Powell & Pressburger Season - 1950
David Niven, who was pretty much launched into international stardom on the back of A Matter of Life and Death, returns. Cyril Cusack plays the main baddie. Jack Hawkins playing against type as George 4th. And starlet of the moment Margaret Leighton as the love interest. So a somewhat stellar cast, plus Archers regulars, to play with. On the surface what could go wrong? But with this film their golden run of surefire classy movies, was to all but cease.
Powell wanted to make The Elusive Pimpernel as a musical. He was told he couldn't by the films financiers Sam Goldwyn and Alexander Korda. Powell was not remotely interested in making the script as a light hearted drama. Both he and Niven wanted to back out. The threat of contract suspension meant both were compelled to make a film neither of them wanted involvement with.
The contentiousness continued after the films final cut was presented. Niven severed his contract with Goldwyn due to being forced to make the film. Goldwyn insisted on further changes and additions, the cost of which he refused to pay for. This left Korda footing the bill, who took Goldwyn to court over it. Because Goldwyn and Korda fell out the film didn't get a US distributor till three years later. UK box office revenue alone barely covered a third of its cost to make. It ended up being both a financial as well as creative catastrophe.
This sorry saga illustrates the entirely less accommodating nature of post war film making. The Archers really struggled to make even one film thereafter entirely to their own unique design. Powell being forced to make a film he had not a jot of interest or heart in, meant he produced a bonafide turkey. Not for the first time either. The Archers would cease their collaboration with I'll Met By Moonlight, another film Powell had no feeling for.

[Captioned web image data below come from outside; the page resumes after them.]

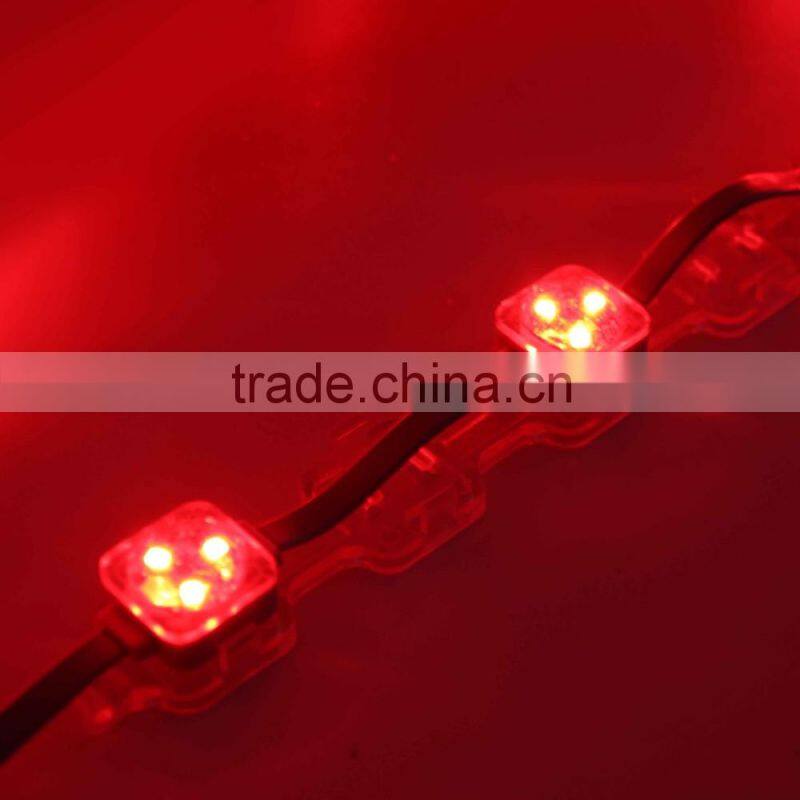 addressable 5050SMD DC12V DMX512 full color illuminated led pixel light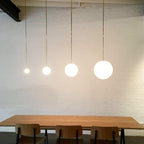 Lustra Lampe Pendante Collection Architecturale en Laiton - Neutralighting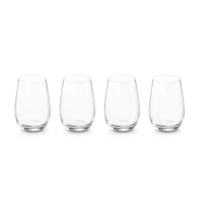 Le Creuset Bicchiere Acqua In Vetro Set 4 Pz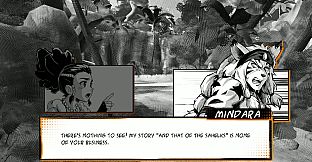 A Fighter’s Nova: Mindara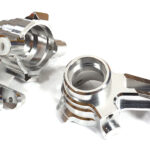 Billet Machined Steering Knuckles for Traxxas 1/10 Maxx 4S Truck 8937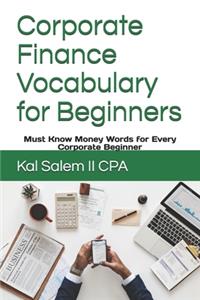 Corporate Finance Vocabulary for Beginners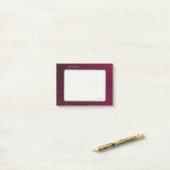 Retirement Legacy Sticky Note Pad ポストイット (デスク上)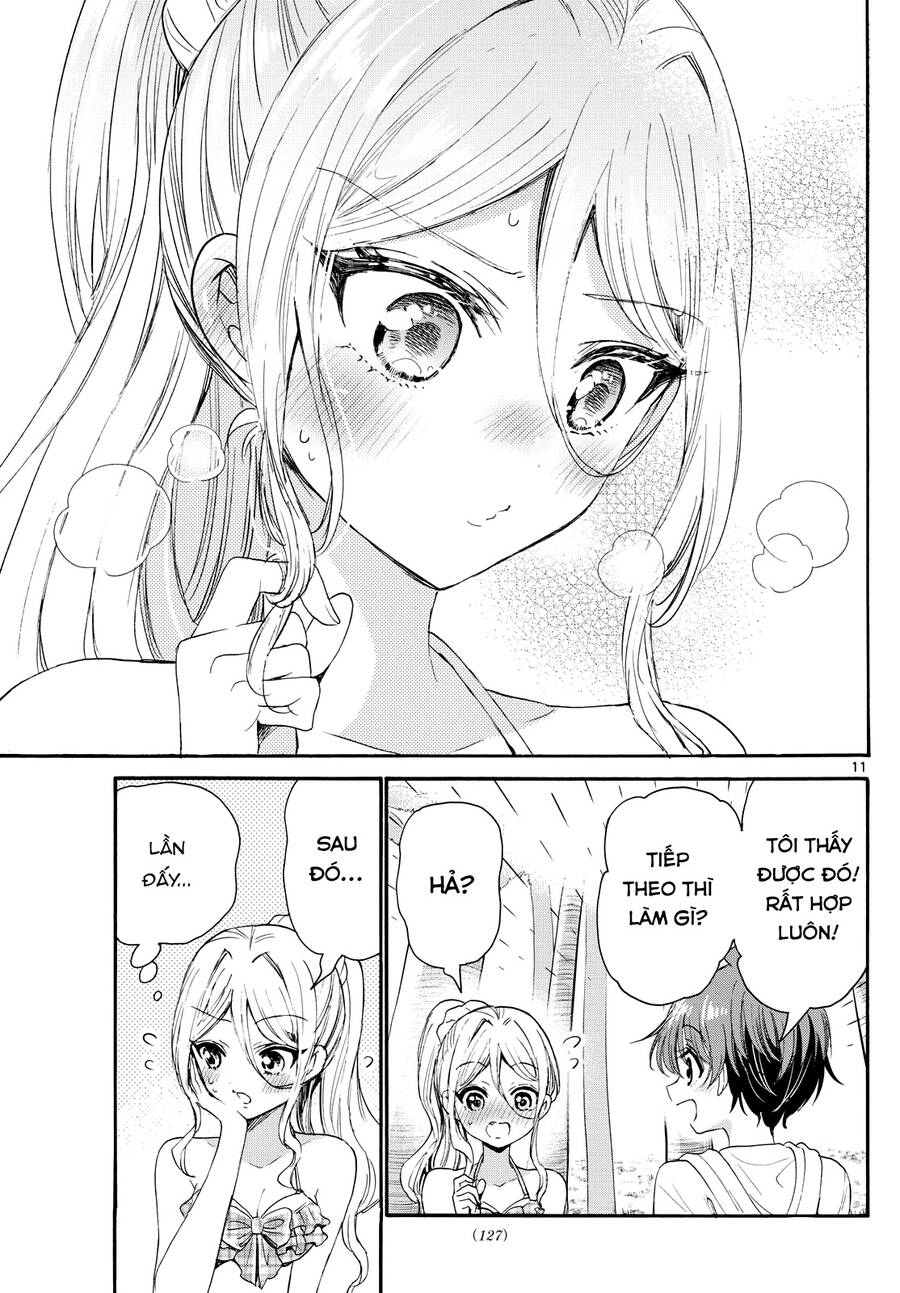 Ba Chị Em Nhà Mikadono Dễ Đối Phó Thật Đấy Chap 94 - Next Chap 95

Pressburger made what he could from poor quality source material - Baroness Orcsy's cod romantic romp set during the French Revolution. Though the comedic tone of the film, though light, had never been P&P's strong point. Actors walk around delivering complex dialogue and exchanges without a scintilla of understanding of feeling or motive. It feels and looks amateurish, and it really didn't have to be. Contractual obligation, never a good motivation for anyone to produce their best work.